Studies in animals have shown that interruption of carotid body afferent hypoxic signaling or efferent CNS activity to the lung enhances hypoxic pulmonary vasoconstriction (HPV). Whether a similar influence of the CNS on HPV strength is present in humans has never been studied, owing to the invasive nature of physical neural ablation or nonspecific systemic effects of pharmacological blockade of putative neural pathways. In order to demonstrate a peripheral chemoreceptor-mediated modulation of HPV in man, we hypothesized that individuals with high hypoxic ventilatory responsiveness, indicative of strong peripheral hypoxic chemosensitivity, should have less HPV in response to inspired hypoxia.

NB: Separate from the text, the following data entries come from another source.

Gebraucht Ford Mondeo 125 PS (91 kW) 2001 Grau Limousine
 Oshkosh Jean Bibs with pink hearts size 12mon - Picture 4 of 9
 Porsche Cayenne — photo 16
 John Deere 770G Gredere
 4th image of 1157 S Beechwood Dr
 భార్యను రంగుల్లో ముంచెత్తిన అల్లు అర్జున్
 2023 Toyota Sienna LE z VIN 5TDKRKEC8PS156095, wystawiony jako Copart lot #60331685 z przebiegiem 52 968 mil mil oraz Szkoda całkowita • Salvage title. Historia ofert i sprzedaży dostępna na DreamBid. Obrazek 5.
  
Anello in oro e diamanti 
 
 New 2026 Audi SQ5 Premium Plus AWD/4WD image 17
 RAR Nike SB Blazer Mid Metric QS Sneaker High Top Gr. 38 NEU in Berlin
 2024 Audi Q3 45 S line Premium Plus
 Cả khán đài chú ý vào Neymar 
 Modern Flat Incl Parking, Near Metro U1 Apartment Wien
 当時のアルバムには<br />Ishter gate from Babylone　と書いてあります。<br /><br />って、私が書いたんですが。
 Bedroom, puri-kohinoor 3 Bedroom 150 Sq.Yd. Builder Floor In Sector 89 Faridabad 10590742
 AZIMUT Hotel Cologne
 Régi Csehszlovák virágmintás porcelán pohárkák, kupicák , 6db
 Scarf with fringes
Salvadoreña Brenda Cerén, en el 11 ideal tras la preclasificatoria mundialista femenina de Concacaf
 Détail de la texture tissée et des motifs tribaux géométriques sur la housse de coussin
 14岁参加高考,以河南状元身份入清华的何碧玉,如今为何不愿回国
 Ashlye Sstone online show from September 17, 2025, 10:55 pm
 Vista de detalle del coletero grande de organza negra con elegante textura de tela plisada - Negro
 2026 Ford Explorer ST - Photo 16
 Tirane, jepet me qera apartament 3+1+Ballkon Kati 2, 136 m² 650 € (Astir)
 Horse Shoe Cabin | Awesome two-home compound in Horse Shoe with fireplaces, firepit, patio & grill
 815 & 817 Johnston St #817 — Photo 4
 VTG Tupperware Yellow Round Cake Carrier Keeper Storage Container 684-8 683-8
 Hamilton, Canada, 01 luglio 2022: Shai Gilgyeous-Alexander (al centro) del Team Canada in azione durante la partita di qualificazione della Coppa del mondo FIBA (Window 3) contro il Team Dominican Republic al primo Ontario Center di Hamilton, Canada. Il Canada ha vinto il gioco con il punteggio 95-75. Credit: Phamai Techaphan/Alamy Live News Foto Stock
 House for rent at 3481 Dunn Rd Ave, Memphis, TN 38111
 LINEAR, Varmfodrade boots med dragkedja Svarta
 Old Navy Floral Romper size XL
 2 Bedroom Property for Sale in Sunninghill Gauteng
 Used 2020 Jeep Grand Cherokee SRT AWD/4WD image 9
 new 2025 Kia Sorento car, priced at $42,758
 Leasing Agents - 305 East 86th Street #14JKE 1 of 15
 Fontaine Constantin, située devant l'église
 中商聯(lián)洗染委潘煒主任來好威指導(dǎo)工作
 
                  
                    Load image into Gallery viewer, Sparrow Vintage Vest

In 15 healthy men and women, we measured the normobaric poikilocapnic hypoxic ventilatory response (HVR; L min(-1) % SPo2(-1)) during 15 min of hypoxia (FIo2=0.12). On the following day, we then measured pulmonary artery systolic pressure (PASP) using echosonography while subjects randomly breathed 0.21, 0.18, 0.15, and 0.12 FIo2, each for periods of 15 min. We chose this strategy to obtain an equivalent stimulus for HPV in all subjects, using SPo2 as a surrogate for alveolar Po2. HPV was assessed as PASP at a common interpolated arterial oxygen saturation (SPo2) of 85%. We recorded a sufficient six-fold range of HVR (0.05-0.30, mean 0.13 L min(-1) % SPo2(-1)) similar to previously published data on normobaric, poikilocapnic HVR. HPV at SPo2 of 85% was 28.5 mmHg (range 21.7-41.3). There was a significant inverse relationship between poikilocapnic HVR and HPV (p=0.006, R(2)=0.38). Previous studies of individuals with susceptibility to high altitude pulmonary edema (HAPE) have suggested that both low HVR and high HPV are important risk factors. We show that these two responses are inversely correlated and conclude that a greater magnitude of peripheral chemoreceptor response to hypoxia limits hypoxic pulmonary vasoconstriction in healthy subjects.